__About this exercise__:
Return only the lines running from the one that contains "Baliakandi Big Fish" through the end of the entries, exactly, both ends included. Omit pictures.

Segment Start: Records shown

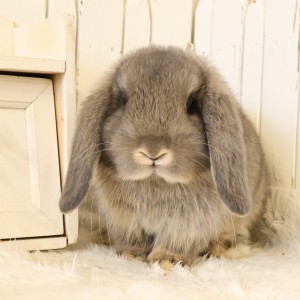 ホーランドロップ　オパール（W20）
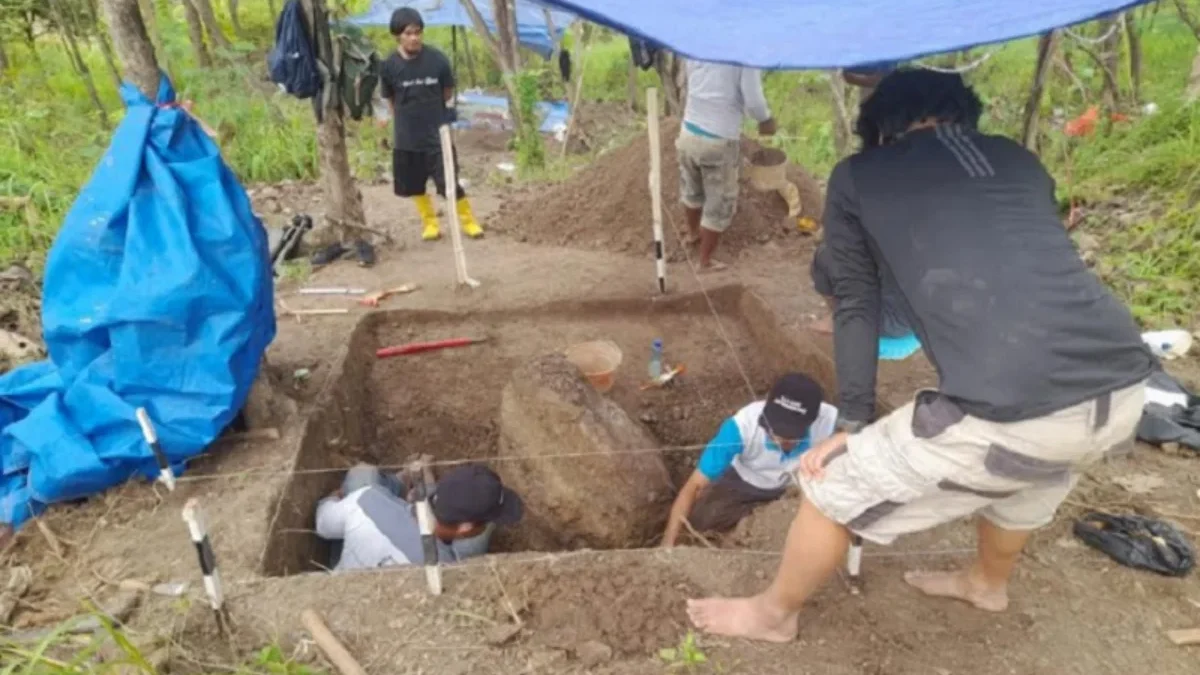 NET ILLUSTRASI TEMUKAN: Fosil Kura-kura purba yang ditemukan di Desa Jembarwangi, Kecamatan Tomo, Kabupaten Su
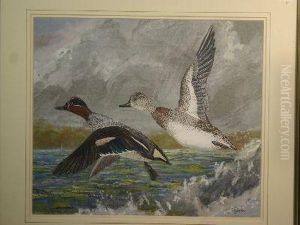 Two Ducks Taking Flight by Charles Ogilvy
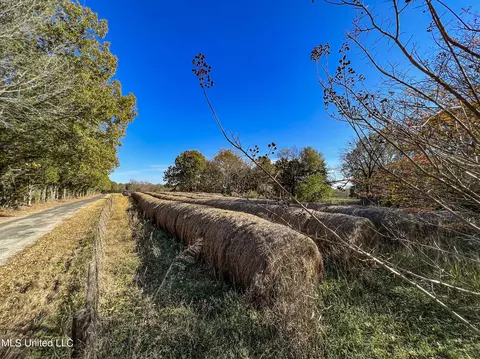 7400 Old Panola Rd, Sardis, MS 38666 photo 52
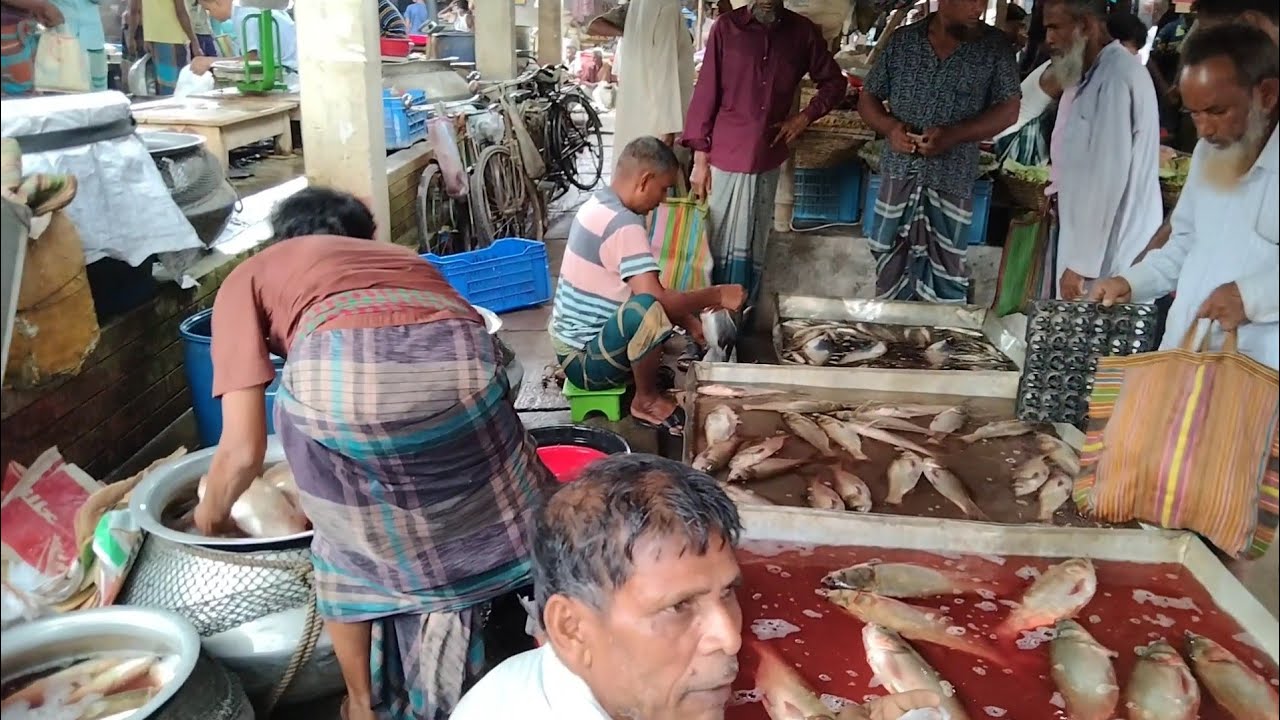 Baliakandi Big Fish Market In Bangladesh | River Fish / Sea Fish etc | Fish Market video 2023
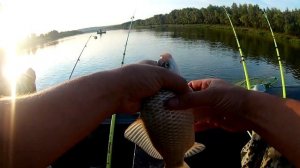 Рыбалка на Дону с лодки, Иловлинский р-н 7-8 августа 2021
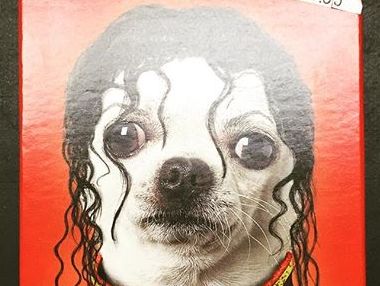 В США продают шоколад с изображением собаки в образе Майкла Джексона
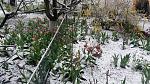     
: 20170420_191508.jpg
: 31
:	214.9 
ID:	12486838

Segment End: Records shown

__Solution for this task__:
 Baliakandi Big Fish Market In Bangladesh | River Fish / Sea Fish etc | Fish Market video 2023
 Рыбалка на Дону с лодки, Иловлинский р-н 7-8 августа 2021
 В США продают шоколад с изображением собаки в образе Майкла Джексона
: 20170420_191508.jpg
: 31
:	214.9 
ID:	12486838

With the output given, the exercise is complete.